§ TASK DESCRIPTION:
In the entries that follow, the lines from the line containing "IPython — we" up to and including the line containing "Hello everyone, in" must be copied exactly, with pictures omitted.

*** Opening of PROVIDED DATA ***

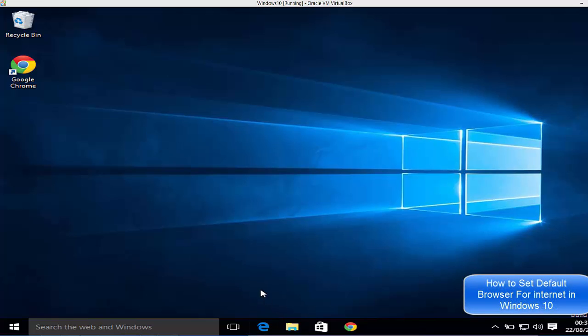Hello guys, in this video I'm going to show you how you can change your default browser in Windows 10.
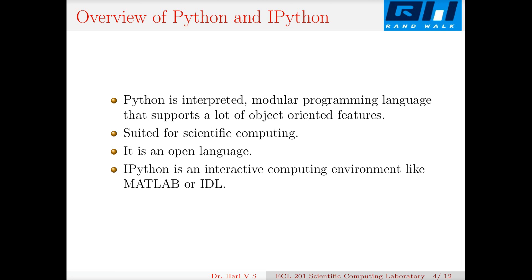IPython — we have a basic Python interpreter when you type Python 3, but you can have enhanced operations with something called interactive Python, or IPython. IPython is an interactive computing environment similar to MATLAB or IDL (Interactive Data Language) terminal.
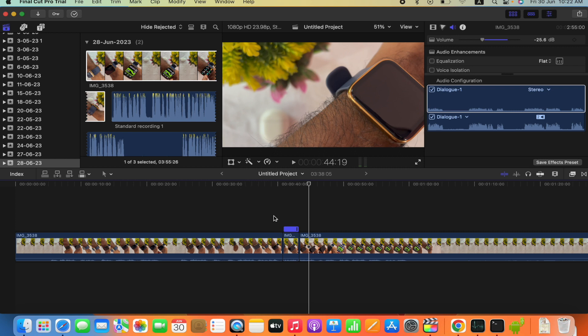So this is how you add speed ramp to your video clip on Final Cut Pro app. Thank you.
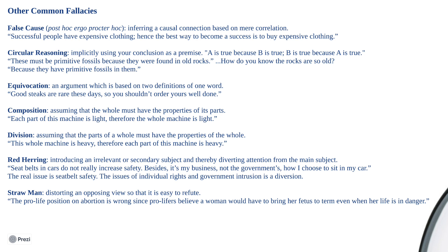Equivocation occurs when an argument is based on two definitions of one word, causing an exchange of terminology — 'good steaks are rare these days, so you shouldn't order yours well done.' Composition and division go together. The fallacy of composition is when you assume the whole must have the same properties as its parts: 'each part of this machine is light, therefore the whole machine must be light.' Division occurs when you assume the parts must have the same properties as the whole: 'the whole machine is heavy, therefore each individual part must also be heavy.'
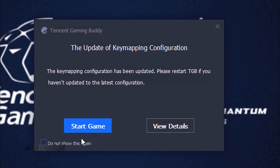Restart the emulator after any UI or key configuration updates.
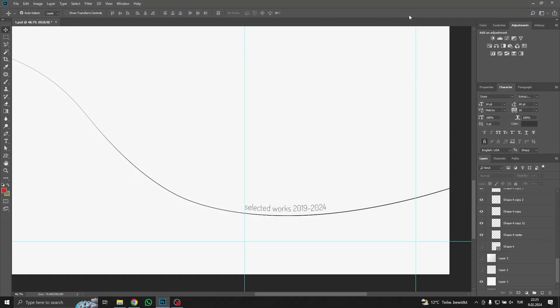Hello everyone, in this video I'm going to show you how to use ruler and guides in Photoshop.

*** Close of PROVIDED DATA ***
*** Opening of PROVIDED DATA ***

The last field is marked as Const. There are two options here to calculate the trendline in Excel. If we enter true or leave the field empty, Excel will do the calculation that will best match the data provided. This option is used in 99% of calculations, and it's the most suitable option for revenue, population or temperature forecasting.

*** Close of PROVIDED DATA ***

§ SOLVED PROBLEM:
IPython — we have a basic Python interpreter when you type Python 3, but you can have enhanced operations with something called interactive Python, or IPython. IPython is an interactive computing environment similar to MATLAB or IDL (Interactive Data Language) terminal.
So this is how you add speed ramp to your video clip on Final Cut Pro app. Thank you.
Equivocation occurs when an argument is based on two definitions of one word, causing an exchange of terminology — 'good steaks are rare these days, so you shouldn't order yours well done.' Composition and division go together. The fallacy of composition is when you assume the whole must have the same properties as its parts: 'each part of this machine is light, therefore the whole machine must be light.' Division occurs when you assume the parts must have the same properties as the whole: 'the whole machine is heavy, therefore each individual part must also be heavy.'
Restart the emulator after any UI or key configuration updates.
Hello everyone, in this video I'm going to show you how to use ruler and guides in Photoshop.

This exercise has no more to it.